作家として、個人情報保護法に義憤をあらわにしていた中で、こんな純愛エッセイを書いていたのですね。城山作品といえば、『粗にして野だが卑ではない』や『落日燃ゆ』など、パブリックな精神を描いたものが多いのですが、最終的に行き着いた先は、家族、とりわけ妻であったというのは、感慨深いものがあります。
冒頭などは、『君の名は』のようです。巻末に家族の写真があるのですが、一流の作家が女性を描くうと、これほどの美人に思えるのですね(笑)。なんとも微笑ましくなりました。
内容もさることながら、実に抑えた文章で、無駄な表現がまったくありません。内容は自伝でもあるのですが、妻以外の家族には触れず、妻の姿がしっかりとイメージできるようになっています。
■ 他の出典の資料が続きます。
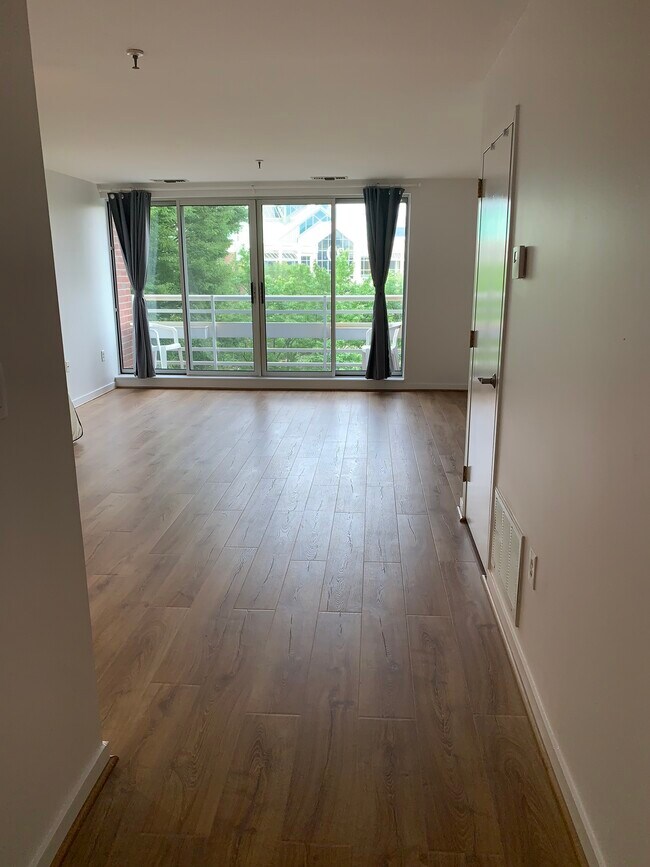 4 Canal Park, Unit TGL in Cambridge, MA - Foto de edificio - Building Photo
妻の性格についても、直接的に形容するのではなく、夫婦の会話で読者に伝わるようになっています。1時間ほどで読めてしまう長さながら、奥行きのある世界を表現しており、実に見事です。「筆一本で生きる」人生を選んだことは、先生にとって男子の本懐であったのが、伝わってきました。
私も人生半ばに達し、生死について考えるようになりました。家族を持ち始めた男性にこそ、この本は、おすすめできると思います。